# [Directions]
From the entries below, please output exactly the lines starting at the one containing "Twin Size Wood" and ending at the one containing "Elegant Boat-Neck Mesh", both included.

# [Data supplied]
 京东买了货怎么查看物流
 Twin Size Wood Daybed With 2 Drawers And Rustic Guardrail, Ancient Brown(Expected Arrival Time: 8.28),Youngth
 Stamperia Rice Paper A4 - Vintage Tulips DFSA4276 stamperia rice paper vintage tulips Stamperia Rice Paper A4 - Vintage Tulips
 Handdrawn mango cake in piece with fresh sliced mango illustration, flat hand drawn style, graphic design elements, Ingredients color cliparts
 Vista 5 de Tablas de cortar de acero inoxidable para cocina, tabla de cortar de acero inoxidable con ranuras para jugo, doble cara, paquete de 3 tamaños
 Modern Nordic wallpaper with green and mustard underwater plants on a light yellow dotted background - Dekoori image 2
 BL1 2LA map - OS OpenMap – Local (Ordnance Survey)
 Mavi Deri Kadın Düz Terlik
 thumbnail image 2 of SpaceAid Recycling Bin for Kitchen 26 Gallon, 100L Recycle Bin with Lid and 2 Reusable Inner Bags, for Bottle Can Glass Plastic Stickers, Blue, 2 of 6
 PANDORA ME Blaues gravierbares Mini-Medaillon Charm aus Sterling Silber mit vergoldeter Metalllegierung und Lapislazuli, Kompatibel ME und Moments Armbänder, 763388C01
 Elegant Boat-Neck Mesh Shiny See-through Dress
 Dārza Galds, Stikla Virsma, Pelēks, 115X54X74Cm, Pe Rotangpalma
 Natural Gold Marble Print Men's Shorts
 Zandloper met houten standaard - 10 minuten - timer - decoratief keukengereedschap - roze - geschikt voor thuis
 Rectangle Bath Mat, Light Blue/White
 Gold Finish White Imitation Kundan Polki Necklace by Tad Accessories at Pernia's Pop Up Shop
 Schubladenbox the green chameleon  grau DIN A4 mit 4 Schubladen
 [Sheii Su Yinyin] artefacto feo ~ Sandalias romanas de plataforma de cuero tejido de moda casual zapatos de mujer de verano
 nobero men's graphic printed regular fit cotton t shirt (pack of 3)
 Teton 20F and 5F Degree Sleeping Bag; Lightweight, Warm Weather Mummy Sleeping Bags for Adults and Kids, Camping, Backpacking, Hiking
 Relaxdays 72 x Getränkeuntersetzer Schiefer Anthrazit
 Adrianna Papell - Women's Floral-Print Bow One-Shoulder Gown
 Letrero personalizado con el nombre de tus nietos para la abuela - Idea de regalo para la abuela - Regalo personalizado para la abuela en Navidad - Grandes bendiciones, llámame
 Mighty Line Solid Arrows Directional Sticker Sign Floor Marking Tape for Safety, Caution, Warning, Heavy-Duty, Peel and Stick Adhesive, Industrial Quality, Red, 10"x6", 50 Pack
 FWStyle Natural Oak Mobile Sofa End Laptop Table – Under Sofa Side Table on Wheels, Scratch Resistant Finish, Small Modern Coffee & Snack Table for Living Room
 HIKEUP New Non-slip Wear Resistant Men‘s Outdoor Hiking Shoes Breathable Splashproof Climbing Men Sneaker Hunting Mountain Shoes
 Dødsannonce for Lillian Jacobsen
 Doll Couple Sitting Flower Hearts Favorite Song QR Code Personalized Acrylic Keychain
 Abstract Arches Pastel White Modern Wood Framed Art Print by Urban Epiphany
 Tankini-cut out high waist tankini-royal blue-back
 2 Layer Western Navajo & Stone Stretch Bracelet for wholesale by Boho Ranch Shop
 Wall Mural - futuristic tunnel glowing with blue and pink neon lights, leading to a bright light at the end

# [Result below]
 Twin Size Wood Daybed With 2 Drawers And Rustic Guardrail, Ancient Brown(Expected Arrival Time: 8.28),Youngth
 Stamperia Rice Paper A4 - Vintage Tulips DFSA4276 stamperia rice paper vintage tulips Stamperia Rice Paper A4 - Vintage Tulips
 Handdrawn mango cake in piece with fresh sliced mango illustration, flat hand drawn style, graphic design elements, Ingredients color cliparts
 Vista 5 de Tablas de cortar de acero inoxidable para cocina, tabla de cortar de acero inoxidable con ranuras para jugo, doble cara, paquete de 3 tamaños
 Modern Nordic wallpaper with green and mustard underwater plants on a light yellow dotted background - Dekoori image 2
 BL1 2LA map - OS OpenMap – Local (Ordnance Survey)
 Mavi Deri Kadın Düz Terlik
 thumbnail image 2 of SpaceAid Recycling Bin for Kitchen 26 Gallon, 100L Recycle Bin with Lid and 2 Reusable Inner Bags, for Bottle Can Glass Plastic Stickers, Blue, 2 of 6
 PANDORA ME Blaues gravierbares Mini-Medaillon Charm aus Sterling Silber mit vergoldeter Metalllegierung und Lapislazuli, Kompatibel ME und Moments Armbänder, 763388C01
 Elegant Boat-Neck Mesh Shiny See-through Dress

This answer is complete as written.